Study Says Employee Training Increases a Company's ROI

By David Essex, ITworld |  News

ASTD provides several such tools at its Website
(see Resources), including the benchmark service that gathered the data
in the TSR study. Beware: it takes a lot of heavy lifting to fill out
the questionnaire. You must answer detailed questions in a 51-page
measurement kit, but your reward is a free report comparing your
company to others in ASTD's database, Van Buren says.

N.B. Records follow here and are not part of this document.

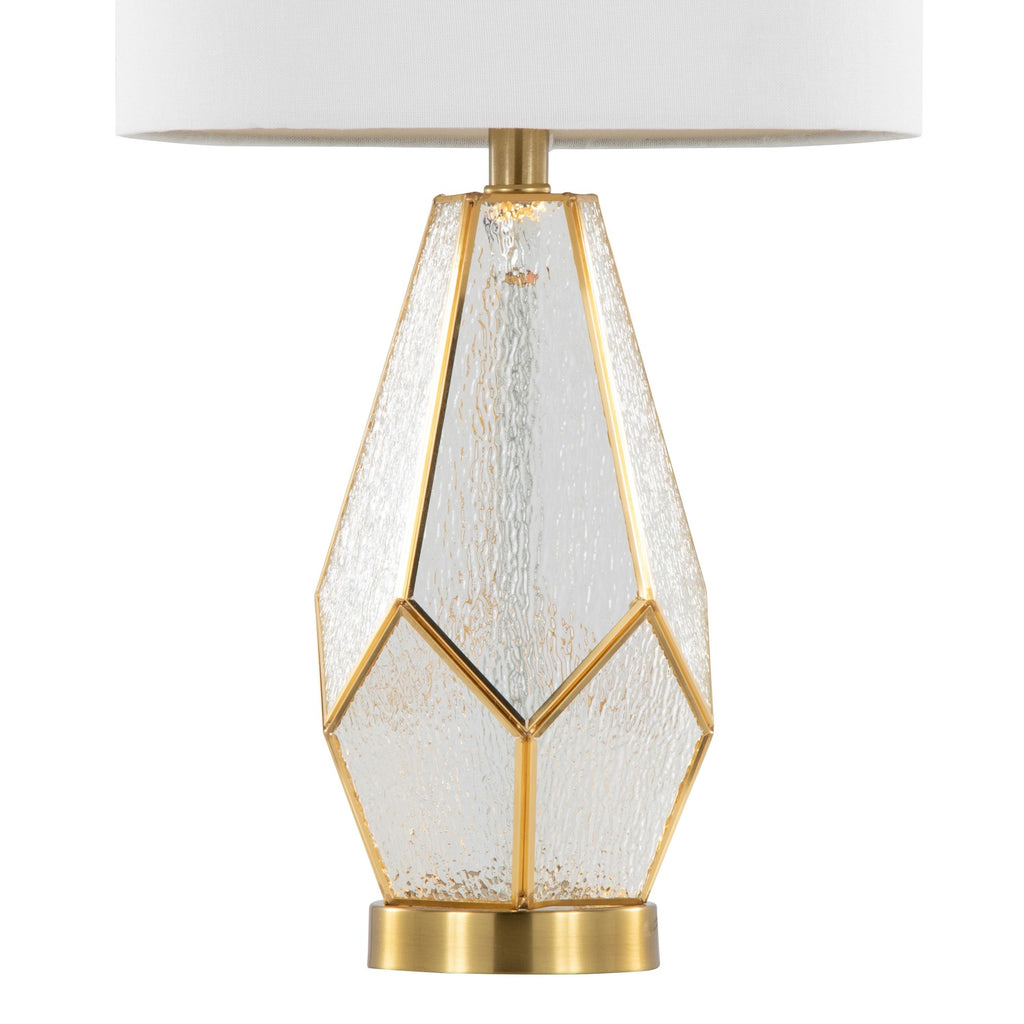 Geo Rain Glass 25" Table Lamp - Set of 2 - Gold Metal, White Glass, White Linen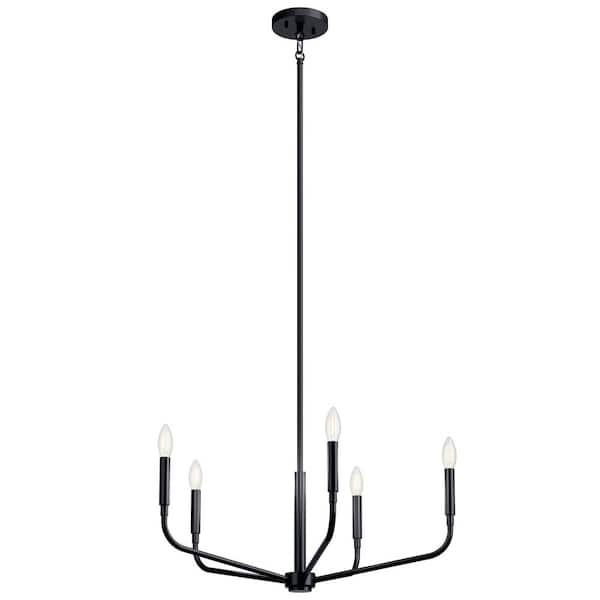 KICHLER Madden 26 in. 5-Light Black Modern Candle Chandelier for Dining Room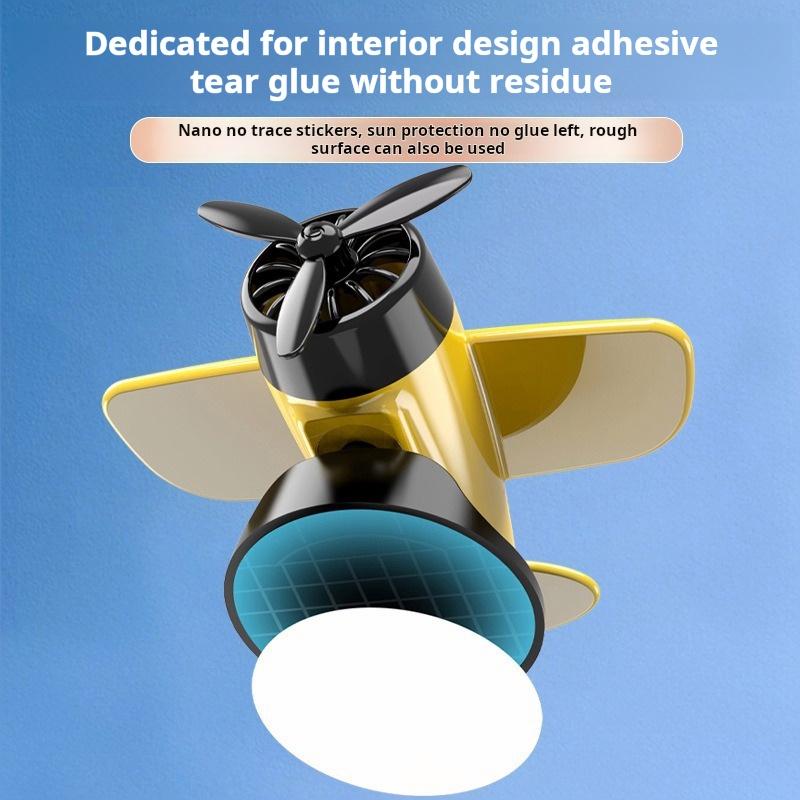 Car Solar Airplane Ornaments 360 Rotary Creative Car Center Console Powered Aircraft Ornaments Car Interior Decor Accessories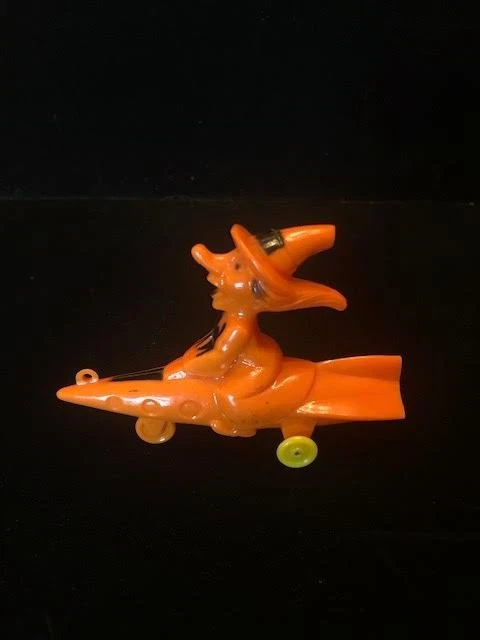 Vintage Rosbro Halloween Hard Plastic Pull Toy Witch On A Rocket 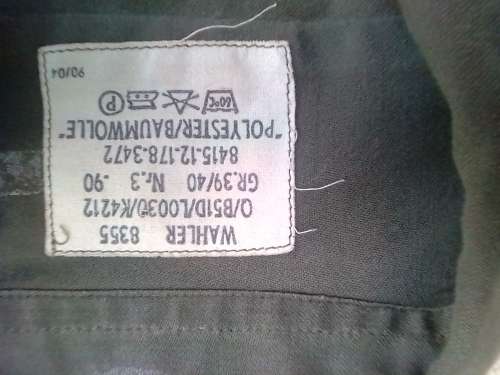 OLD GERMANY MILITARY LONG SLEEVE SHIRT -ARMPIT TO ARMPIT 55 CM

One company that scored high in the benchmarking service is Wisconsin
Public Service, (WPS; based in Green Bay, Wis.), which ASTD named a
training investment leader in its 2000 State of the Industry Report.
WPS maintains close partnerships with five nearby technical
colleges. "What we have done is create a kind of a branch campus at our
locations," says Frank Quisenberry, a WPS organizational-learning
consultant. Typically, the colleges provide professors who teach WPS
managers how to teach. The professors and the WPS staff also jointly
develop online learning systems, the focus of much of WPS's recent
efforts. While the company doesn't yet show training expenditures in
its annual report, the CEO is a training champion and touts the effort
publicly.

Quisenberry says the most effective types of training seem to be
computer-related or technical -- say, giving meter readers who would
otherwise fall victim to automation a chance to learn new skills within
the company. Retention is such a corporate value that Quisenberry seems
to have little patience with the old-school fear that employee training
will only pay off for your competitors. Says Quisenberry: "If you don't
do it, they're going to walk out the door faster."